I am planning to buy a new LED Monitor mostly a 20" one.My 10YR old SAMSUNG CRT  just got busted.I want to play games and watch HD Movies.Price Range 4000-6000.


----------



## Ishu Gupta (Sep 1, 2011)

Dell IN2030M 50.8cm (20 inch) W HD Monitor with LED--Free Shippi
6k


----------



## Jishnu (Sep 1, 2011)

Ishu Gupta said:


> Dell IN2030M 50.8cm (20 inch) W HD Monitor with LED--Free Shippi
> 6k



how about LG 2040T?Is DELL the best?


----------



## d6bmg (Sep 1, 2011)

Obviouslybuild quality offered by Dell is better than the same offered by LG.


----------



## Jishnu (Sep 6, 2011)

d6bmg said:


> Obviouslybuild quality offered by Dell is better than the same offered by LG.
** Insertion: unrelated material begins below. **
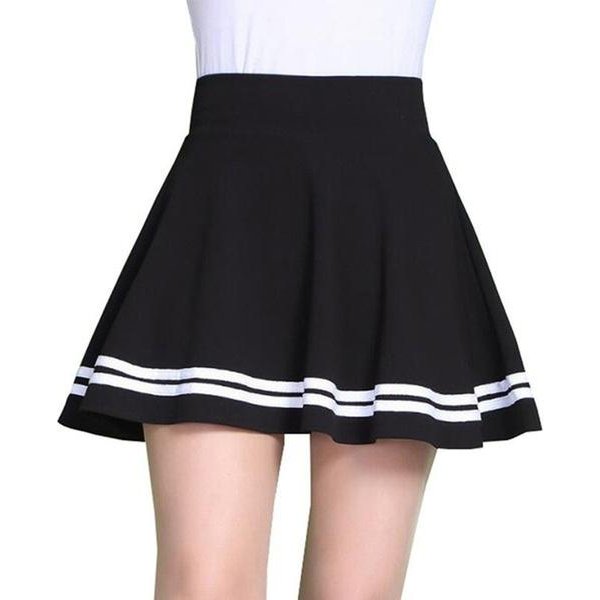 Letnia Moda Damska KoreańSka Wersja Styl Plisowana SpóDnica Jednolity Kolor Wysoka Talia Casual Mini SpóDnica Szkolna M Czarny-image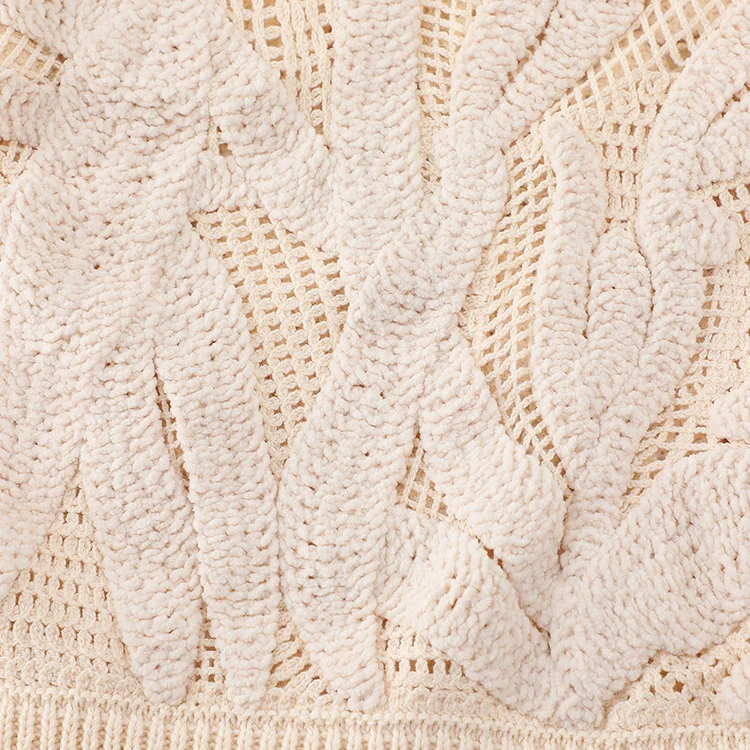 Textured Leaf Motif Crochet Sweater - FM0102000199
Thanks you for your support.I bought Dell IN2030M on Saturday.Only drawback-No Full HD. 
Great Monitor,Awesome Looks.My GCard is due to return after RMA.


----------



## jyotish (Sep 9, 2011)

Hey first check on the technology tht you need in the TV, that is important because if you want lot of technologies like 3d, internet then the cost of Tv will go up accordingly. First check on your requirements and then decide on the brand part. I think u should go to any good electronic store ask them for mew models in all top brands, check the audio & videos clarity  and features and then decide


----------